Why Getting Your Hands Off Your Face Can Save Your Face

Why Getting Your Hands  Off Your Face Can Save Your Face

Deborah DePiano, facialist and owner of the West Hollywood complexion atelier DePiano Skin, wants you to keep your hand-to-face contact to a minimum.

Chronicles of Clean 1: This is the first of a 4-part Mineral Air series on the role of skin hygiene in skin beauty.
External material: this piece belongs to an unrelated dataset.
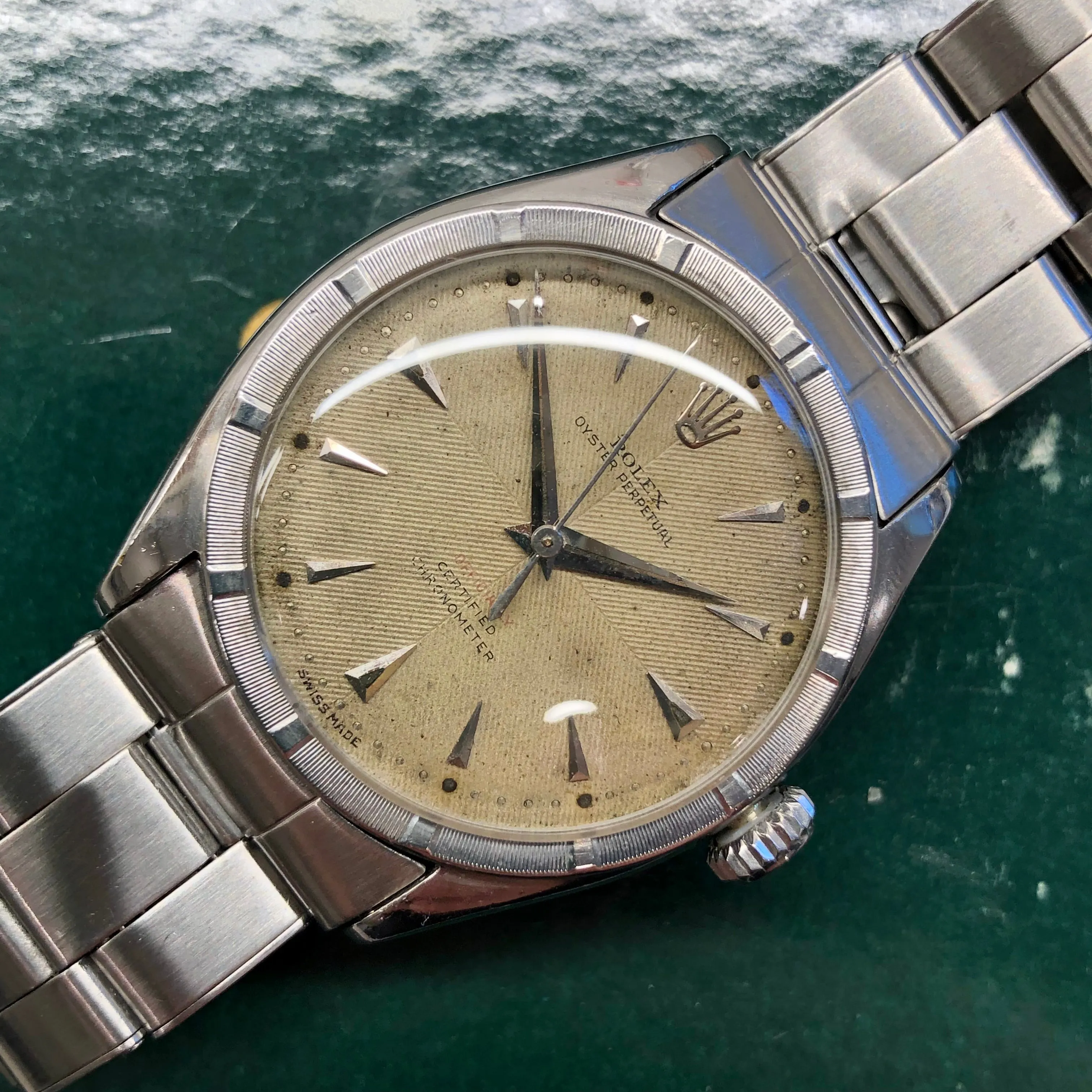 1953 Rolex Oyster Perpetual 6103 Stainless Steel Red OCC Chevron Dial Chronometer Automatic Wristwatch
Deborah DePiano is a straight talker. “Touching your face too much can wreck your skin’s health. First off, your hands are magnets for germs they pick up from handling things every day that others have handled. Every time you get change at the drugstore, look at a menu at a restaurant or work out at the gym, for example, are opportunities for unhealthy microbes to hitch a ride onto your digits. And if you touch your face frequently after that, those germs could find a home there and possibly even into your body.”

The bad stuff

So how bad can this be though? What specifically are we talking here? Well, how does spreading bacteria, viruses, mold and yeasts grab you? This isn’t to say that everything you touch is going to always transmit the flu, trigger a staph infection or spread conjunctivitis (‘pink eye’), of course, but enough do on enough people that it’s wise to err on the side of caution.

 

“Plus,” warns Deborah, “Constant face touching means you can exacerbate your own existing skin conditions – like those triggered by acne bacteria or the herpes virus – and make them much worse. Picking at a pimple is the same as planting a seed so that two more blemishes will show up in its place. Acne loves its own company, that’s for sure!”

 

“I know that telling someone to stop touching their face is easier said than done because gestural habits are so hard to break.,” she admits. “I’ve had clients who have tried everything from meditation to hypnosis to plain old willpower. Sometimes these work but oftentimes they don’t.”

 

And if they don’t? Nobody is suggesting you run around with surgical gloves on (like Deborah herself wears when she gives a client a skin treatment). But here are some smart strategies you can adopt.

 

The hygiene part

Before she launched her aesthetics practice back in the day, Deborah was a nail tech so she knows whereof she speaks. “Without realizing it, people are carrying around tons of germ-breeding debris under their nails every day. And the longer the nails, the worse it gets. It’s actually pretty gross.”

 

“The best thing you can do for your face?” she says, “Wash your hands frequently in warm water and as part of your skin care routine, scrub under your fingernails with a nail brush every night without fail. And if you have long nails, after you’ve toweled off your hands, blast a few seconds of hot air under your nails with a hairdryer so the area is bone dry.”

 

The no rubbing part

Touching your face by leaning and rubbing adds mechanical damage as well as microbial vulnerability to the skin. Habitually leaning on a hand for too long, for example, can literally press wrinkles into the skin.

 

“And finally,” warns Deborah, “Rubbing your eyes a lot can literally tear the thin skin around them, permanently eroding it. These tears are microscopic but they’re real and over time will manifest as laxity and sagging. That’s why we always recommend applying eye cream with the ring finger which is weaker.”

 

On that note, Deborah adds that she’s seen people do real harm when they rub on their treatment creams too hard to encourage absorption or scrub on their makeup and blush application in order to blend it perfectly.  She offers easy and elegant solutions for both these scenarios.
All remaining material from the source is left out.